In commissione a Palazzo d’Accursio l’assessore Matteo Lepore ha affermato che incontrerà il ministro del Turismo Gian Marco Centinaio (Lega) per avanzare le proposte dell’amministrazione rispetto alla regolamentazione delle piattaforme che offrono affitti brevi, ossia un limite alle case messe in condivisione, un tetto ai giorni in cui gli appartamenti possono essere messi a disposizione sulle piattaforme online, un codice identificativo per le licenze degli host. Lepore ha anche detto che sulle piattaforme online risultano “3.349 affitti brevi attivi a Bologna negli ultimi 36 mesi, con un tasso di occupazione dal 46% di gennaio al 77% di ottobre”, che “si stima che gli affitti brevi rendano 9.000 euro all’anno in piu’ rispetto a quelli lunghi”, ma che nonostante tutto ciò a suo dire le difficoltà di studenti e famiglie in citta’ “non e’ dovuta a Airbnb, ma alle dinamiche di mercato”, ovvero alla tendenza dei bolognesi di mettere in vendita le case vuote e non in locazione. Dunque a cosa serve la regolamentazione, di che va a parlare l’assessore con il governo fasciostelle? Delle preoccupazioni degli albergatori minacciati dal low cost?

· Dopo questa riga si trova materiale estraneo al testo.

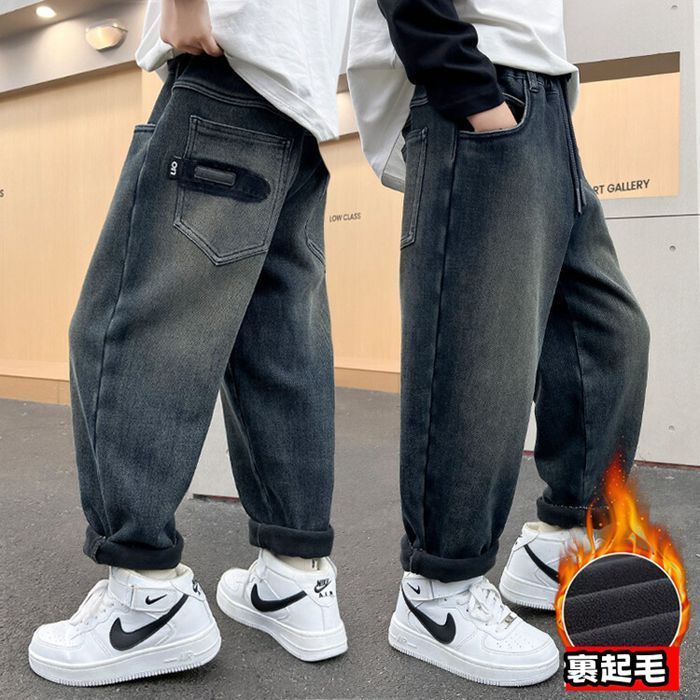 子供服 デニムパンツ キッズ キッズ服 男の子 女の子 裹起毛 パンツ ロングパンツ ロング丈 長ズボン 暖かい ガールズ 防寒着 普段着 厚手 お誕生日 韓国 zhimeng22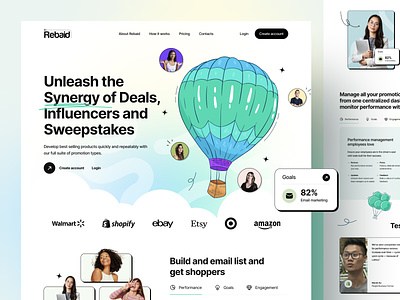 Rebaid – Landing Page discount e-commerce influencers marketing platform rebaits redemptions shoppers store sweepstakes umm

A proposito delle politiche abitative del Comune, c’è un primo scoglio sul “piano dei mille alloggi” entro il 2021 strombazzato la settimana scorsa dal Sindaco: alcuni alloggi andrebbero ricavati da Villa Celestina, confiscata alla mafia nel 2008 e ormai fatiscente: “Non sarà facile ristrutturare questo immobile – ha affermato nei giorni scorsi Lepore – speriamo di fare partire l’intervento entro il mandato”.
Si registra infine un nuovo sfratto rinviato a Imola. Scrive lo Sportello Antisfratto: “Oggi P. e G., sotto sfratto per morosità dopo aver perso il lavoro, avevano un incontro, richiesto oltre un mese fa, con l’assessora alla casa Dhimgjini. Mentre l’assessora ha disertato l’incontro, lo Sportello Antisfratto Imola ha volantinato sotto al Comune in solidarietà con la famiglia sotto sfratto. Servono risposte concrete da parte delle istituzioni, e non il solito scaricabarile verso l’Asp o il terzo settore. A conclusione del presidio abbiamo avuto una piccola buona notizia, perchè lo sfratto, che si temeva imminente, è stato rinviato a gennaio, dando così un attimo di respiro alla famiglia per cercare una soluzione. Non è possibile però che il Comune continui a lavarsene le mani: il problema abitativo è causato dalla malagestione del patrimonio pubblico, dallo sfitto e dallo spreco di risorse. La povertà e la precarietà non sono colpe, ma problemi strutturali, sociali, collettivi, che le istituzioni non possono più ignorare!”.